Im Auftrag des Milliardärs Prinz Al-Walid bin Talal baute Kashoggi im Jahr 2015 einen neuen panarabischen Nachrichtensender namens „Al-Arab“ in Bahrain auf, doch ließ das Emirat den neuen Sender wegen eines kritischen Beitrags gleich am zweiten Tag wieder schließen. Bin Talal wurde im November 2017 zusammen mit Dutzenden anderen Prinzen und Geschäftsleuten in Riad wegen „Korruption“ inhaftiert.

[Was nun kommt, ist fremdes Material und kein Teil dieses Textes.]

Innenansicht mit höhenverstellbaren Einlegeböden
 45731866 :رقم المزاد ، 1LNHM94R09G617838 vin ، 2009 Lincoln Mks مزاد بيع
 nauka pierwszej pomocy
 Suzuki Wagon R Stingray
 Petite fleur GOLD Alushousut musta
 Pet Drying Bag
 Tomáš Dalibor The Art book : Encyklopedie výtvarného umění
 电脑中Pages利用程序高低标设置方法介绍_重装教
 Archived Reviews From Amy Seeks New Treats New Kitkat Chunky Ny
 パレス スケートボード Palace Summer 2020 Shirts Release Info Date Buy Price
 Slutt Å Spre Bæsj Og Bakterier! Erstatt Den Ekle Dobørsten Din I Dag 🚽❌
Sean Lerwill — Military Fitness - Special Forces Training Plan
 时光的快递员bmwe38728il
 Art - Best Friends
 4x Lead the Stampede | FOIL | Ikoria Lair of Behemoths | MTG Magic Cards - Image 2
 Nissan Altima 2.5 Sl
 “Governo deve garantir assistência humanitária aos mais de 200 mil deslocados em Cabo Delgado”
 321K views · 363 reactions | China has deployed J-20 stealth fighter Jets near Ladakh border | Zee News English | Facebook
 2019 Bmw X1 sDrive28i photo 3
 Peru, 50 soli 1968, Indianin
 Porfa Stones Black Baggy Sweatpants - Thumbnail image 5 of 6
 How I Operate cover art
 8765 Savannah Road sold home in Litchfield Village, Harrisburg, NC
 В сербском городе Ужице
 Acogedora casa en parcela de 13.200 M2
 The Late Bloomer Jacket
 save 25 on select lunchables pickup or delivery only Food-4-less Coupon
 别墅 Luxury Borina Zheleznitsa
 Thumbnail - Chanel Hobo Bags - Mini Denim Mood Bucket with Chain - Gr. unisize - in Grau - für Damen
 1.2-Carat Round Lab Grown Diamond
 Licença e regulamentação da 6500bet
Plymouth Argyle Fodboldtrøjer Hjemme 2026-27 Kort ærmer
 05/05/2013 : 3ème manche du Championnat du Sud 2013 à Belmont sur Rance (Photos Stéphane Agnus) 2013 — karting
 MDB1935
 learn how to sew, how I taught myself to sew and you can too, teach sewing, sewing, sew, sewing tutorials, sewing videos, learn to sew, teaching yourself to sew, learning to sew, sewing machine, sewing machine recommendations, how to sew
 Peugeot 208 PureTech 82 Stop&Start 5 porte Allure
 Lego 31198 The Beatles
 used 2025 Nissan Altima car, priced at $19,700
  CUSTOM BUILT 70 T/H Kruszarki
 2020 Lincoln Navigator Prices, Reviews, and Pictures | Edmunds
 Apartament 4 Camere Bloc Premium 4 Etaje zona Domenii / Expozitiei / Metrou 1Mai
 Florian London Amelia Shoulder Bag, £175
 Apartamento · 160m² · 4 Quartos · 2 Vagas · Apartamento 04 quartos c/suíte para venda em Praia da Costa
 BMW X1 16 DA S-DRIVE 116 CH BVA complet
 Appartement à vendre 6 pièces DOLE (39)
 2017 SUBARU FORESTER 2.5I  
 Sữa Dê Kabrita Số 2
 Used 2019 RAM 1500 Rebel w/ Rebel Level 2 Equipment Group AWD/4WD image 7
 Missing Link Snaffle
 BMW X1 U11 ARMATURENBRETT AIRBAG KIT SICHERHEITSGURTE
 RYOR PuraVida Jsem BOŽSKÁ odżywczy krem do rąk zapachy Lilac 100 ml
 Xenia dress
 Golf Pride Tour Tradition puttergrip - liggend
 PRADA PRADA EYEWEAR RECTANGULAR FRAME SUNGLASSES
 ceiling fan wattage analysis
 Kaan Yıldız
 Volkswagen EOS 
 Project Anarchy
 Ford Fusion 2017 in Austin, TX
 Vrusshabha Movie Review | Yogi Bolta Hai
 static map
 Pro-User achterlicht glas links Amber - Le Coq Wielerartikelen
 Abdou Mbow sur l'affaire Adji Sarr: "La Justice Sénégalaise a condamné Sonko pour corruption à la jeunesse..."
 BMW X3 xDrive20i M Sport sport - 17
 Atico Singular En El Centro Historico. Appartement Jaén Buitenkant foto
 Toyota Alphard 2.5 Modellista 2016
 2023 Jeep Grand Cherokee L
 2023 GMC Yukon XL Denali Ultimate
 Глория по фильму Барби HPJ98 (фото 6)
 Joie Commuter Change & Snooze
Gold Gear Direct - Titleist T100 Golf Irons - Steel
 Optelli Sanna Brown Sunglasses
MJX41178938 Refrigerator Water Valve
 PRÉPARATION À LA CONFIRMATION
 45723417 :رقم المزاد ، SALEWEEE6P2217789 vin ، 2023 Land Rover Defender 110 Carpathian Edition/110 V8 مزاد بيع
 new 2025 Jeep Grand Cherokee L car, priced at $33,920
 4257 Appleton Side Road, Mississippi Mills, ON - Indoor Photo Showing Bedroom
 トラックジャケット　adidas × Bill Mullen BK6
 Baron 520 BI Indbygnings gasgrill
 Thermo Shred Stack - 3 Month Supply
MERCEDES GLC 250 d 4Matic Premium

Da sich unter Kronprinz bin Salman die Repression in Saudi-Arabien weiter verschärfte und Khashoggi seine Arbeit bei der Zeitung „Al-Hajat“ verlor, nachdem er die von Riad als „Terrororganisation“ eingestufte islamistische Muslimbruderschaft verteidigt hatte, ging er im September 2017 aus Angst vor einer Festnahme in die USA, wo er für die „Washington Post“ schrieb. Dort kritisierte er immer wieder die Politik bin Salmans, darunter die verheerende Militärintervention im Jemen sowie die Blockade gegen das Golfemirat Katar. In einer Kolumne im März lobte Khashoggi die innenpolitischen Reformen des Kronprinzen, kritisierte aber, dass er keine öffentliche Debatte darüber zulasse und Kritiker festnehmen oder verschwinden lasse. Nun hat es ihn selbst getroffen.